Studio all’accademia di
Belle Arti di Torno dove mi sono persuasa che l’uomo ha necessariamente bisogno
delle immagini ogni qualvolta parla di vita interiore, la cui caratteristica è
di mostrarsi attraverso il linguaggio, attraverso l’uso di metafore che, come
scrive Hannah Arendt, “sono palesemente desunte da dati ed esperienze
corporei”. I concetti sono così trasferiti (metapherein,
trans-portati) alla giurisdizione dei sensi, al fine di rendere tangibili tali
idee che altrimenti rimarrebbero astratte. E’ come se la conoscenza effettiva
derivasse da questo segno, dall’immagine, che lascia una testimonianza
effettiva, concreta, del nostro essere al mondo. Ma all’origine di questo
bisogno che cosa c’è? Non c’è l’Io lacerato allo specchio? Per conoscere noi
stessi non ci guardiamo, forse, allo specchio o negli occhi degli altri? Non
veniamo a contatto “con noi” attraverso “l’immagine di noi”? E allora, noi
siamo profondamente legati all’immagine, la cui forza sostituisce la realtà stessa.
Cosa ne pensa? Maria Elena Marchetti marchetti.mariaelena@gmail.com
La sua lettera mi costringe a entrare
in un campo, la filosofia, da cui la maggior parte delle persone si tiene
lontana, incoraggiata anche dalla proposta, avanzata qualche mese fa, di
abolirla dagli insegnamenti liceali, come peraltro è già accaduto nella maggior
parte dei paesi europei, come se addestrarsi al pensiero e al senso critico
fosse un pericolo da cui è bene tenersi lontani. In realtà è alla filosofia che
l’Occidente deve il suo tratto costitutivo, a partire da Platone che ci ha
insegnato pensare servendoci di idee e concetti e non delle cose sensibili.

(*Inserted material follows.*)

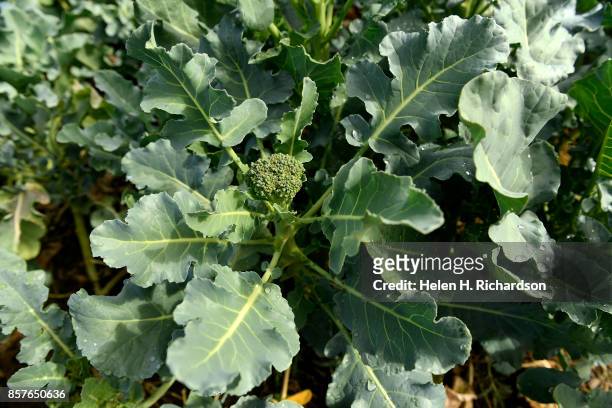 DDENVER, CO - SEPTEMBER 28 - Broccoli grows at the Urban Farm at the United Methodist Church-Montbello on September 28, 2017 in Denver, Colorado....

L’effetto fu che noi occidentali con il concetto di albero nominiamo tutti gli
alberi sulla terra, mentre la mentalità orientale, che non è il contrapposto
della mentalità occidentale ma la sua preistoria, è rimasta ancorata alle cose
sensibili, e fin quando non è a sua volta pervenuta all’astrazione concettuale,
non diceva “l’albero” nominando con una parola tutti gli alberi della terra per
diversi che fossero, ma “questo albero della vita e della morte”, “questo
albero della luce e delle tenebre”. Come fanno i bambini che, prima di arrivare
ai concetti, conoscono il mondo maneggiando le cose concrete e successivamente
le loro immagini. (..). Quindi è la filosofia ad averci allontanato dai corpi,
dalle sensazioni, dalle cose colte nella loro singolarità e concretezza. In un
certo senso sì. Ma non dalle immagini, anche se così ritiene la psicologia,
seconda la quale i filosofi sono incapaci di pensare per immagini come invece
vuole la nostra psiche, i cui percorsi, a partire dai sogni diurni e notturni,
seguono la via dell’immaginazione. Per convincersi delle sue idee, che non sono
così distanti dalle mie, le consiglio di leggere I segni dell’anima (Laterza)
del filosofo Carlo Sini, secondo il quale l’immagine non ha un’origine psichica
ma filosofica. Infatti, a differenza degli psicologi che considerano
l’immaginazione un arricchimento della realtà, i filosofi sono abituati a
pensare in assenza e, l’assenza dell’oggetto è il tratto peculiare
dell’immagine che lavora senza realtà e, così lavorando, la presenta in
assenza. Per questo è possibile dire che l’assenza è il luogo della parola. Noi
siamo al monto tra la presenza delle cose e la loro assenza, e non potremmo né
vivere, né pensare, né parlare se, in assenza delle cose, non potessimo
evocarle in immagine. Detto questo, aboliamo pure la filosofia dalle scuole,
così capiremo sempre meno il nostro modo di essere al mondo.